Correlation Between Cofinimmo and Warehouses
Can any of the company-specific risk be diversified away by investing in both Cofinimmo and Warehouses at the same time? Although using a correlation coefficient on its own may not help to predict future stock returns, this module helps to understand the diversifiable risk of combining Cofinimmo and Warehouses into the same portfolio, which is an essential part of the fundamental portfolio management process.
By analyzing existing cross correlation between Cofinimmo SA and Warehouses de Pauw, you can compare the effects of market volatilities on Cofinimmo and Warehouses and check how they will diversify away market risk if combined in the same portfolio for a given time horizon. You can also utilize pair trading strategies of matching a long position in Cofinimmo with a short position of Warehouses. Check out your portfolio center. Please also check ongoing floating volatility patterns of Cofinimmo and Warehouses.

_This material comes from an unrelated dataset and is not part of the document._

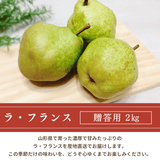 洋梨 【木村フルーツ】 洋なし ラ・フランス 約2kg ２L～5L 5～8玉 山形県上山市 ラフランス 《11/中旬～11/下旬より出荷》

Diversification Opportunities for Cofinimmo and Warehouses
0.89 | Correlation Coefficient |
Very poor diversification
The 3 months correlation between Cofinimmo and Warehouses is 0.89. Overlapping area represents the amount of risk that can be diversified away by holding Cofinimmo SA and Warehouses de Pauw in the same portfolio, assuming nothing else is changed. The correlation between historical prices or returns on Warehouses de Pauw and Cofinimmo is a relative statistical measure of the degree to which these equity instruments tend to move together. The correlation coefficient measures the extent to which returns on Cofinimmo SA are associated (or correlated) with Warehouses. Values of the correlation coefficient range from -1 to +1, where. The correlation of zero (0) is possible when the price movement of Warehouses de Pauw has no effect on the direction of Cofinimmo i.e., Cofinimmo and Warehouses go up and down completely randomly.

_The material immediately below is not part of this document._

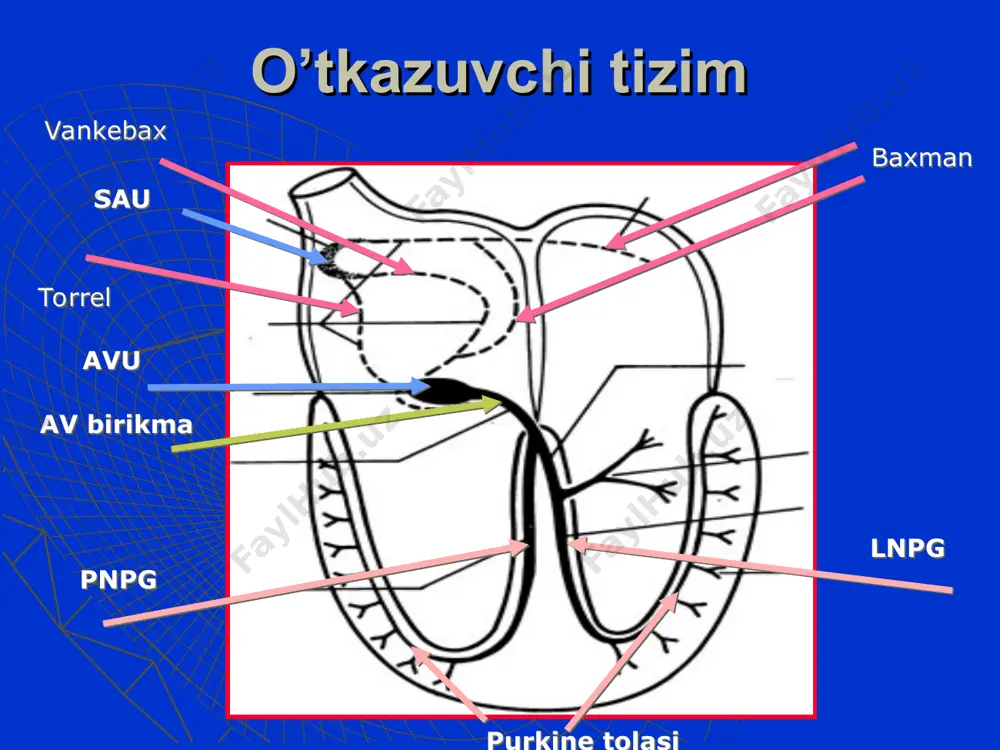 akatsiz aritmiya turlari letal aritmiyalar taxiaritmiyalar bradiaritmiyalar ekstrasistoliyalar letal aritmiyalar qorinchalar pulssiz taxikardiyasi qorinchalar fibrillyatsiyasi elektromexanik dissotsiatsiya (emd) asistoliya taxiaritmiyalar sinusli taxikardiya qorinchalar taxikardiyasi supraventrikulyar taxikardiya paroksizmal supraventrikulyar taxikardiya bo’lmachalar titrashi bo’lmachalar fibrillyatsiyasi polimorf qorinchalar taxikardiyasi yoki torsada bradiaritmiyalar sinusli bradikardiya atrioventrikulyar yoki tugunli ritm atrioventrikulyar blokada 1 daraja atrioventrikulyar blokada 2 daraja, mobitts 1 atrioventrikulyar blokada 2 daraja, mobitts 2 atrioventrikulyar blokada 3 daraja birikish ritmi yoki tugunli taxikardiya yoki idioventrikulyar ritm ekstrasistoliyalar monofokal multifokal bo’lmachalarda qorinchalarda tugunli kuplet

Pair Corralation between Cofinimmo and Warehouses
Assuming the 90 days trading horizon Cofinimmo SA is expected to under-perform the Warehouses. But the stock apears to be less risky and, when comparing its historical volatility, Cofinimmo SA is 1.13 times less risky than Warehouses. The stock trades about -0.47 of its potential returns per unit of risk. The Warehouses de Pauw is currently generating about -0.37 of returns per unit of risk over similar time horizon. If you would invest 2,220 in Warehouses de Pauw on August 24, 2024 and sell it today you would lose (208.00) from holding Warehouses de Pauw or give up 9.37% of portfolio value over 90 days.
Time Period | 3 Months [change] |
Direction | Moves Together |
Strength | Strong |
Accuracy | 100.0% |
Values | Daily Returns |
Cofinimmo SA vs. Warehouses de Pauw
Performance |
Timeline |
Cofinimmo SA |
Warehouses de Pauw |
Cofinimmo and Warehouses Volatility Contrast
Predicted Return Density |
Returns |
Pair Trading with Cofinimmo and Warehouses
The main advantage of trading using opposite Cofinimmo and Warehouses positions is that it hedges away some unsystematic risk. Because of two separate transactions, even if Cofinimmo position performs unexpectedly, Warehouses can make up some of the losses. Pair trading also minimizes risk from directional movements in the market. For example, if an entire industry or sector drops because of unexpected headlines, the short position in Warehouses will offset losses from the drop in Warehouses' long position.The idea behind Cofinimmo SA and Warehouses de Pauw pairs trading is to make the combined position market-neutral, meaning the overall market's direction will not affect its win or loss (or potential downside or upside). This can be achieved by designing a pairs trade with two highly correlated stocks or equities that operate in a similar space or sector, making it possible to obtain profits through simple and relatively low-risk investment.Warehouses vs. Aedifica | Warehouses vs. Cofinimmo SA | Warehouses vs. VGP NV | Warehouses vs. Sofina Socit Anonyme |
Check out your portfolio center.Note that this page's information should be used as a complementary analysis to find the right mix of equity instruments to add to your existing portfolios or create a brand new portfolio. You can also try the Volatility Analysis module to get historical volatility and risk analysis based on latest market data.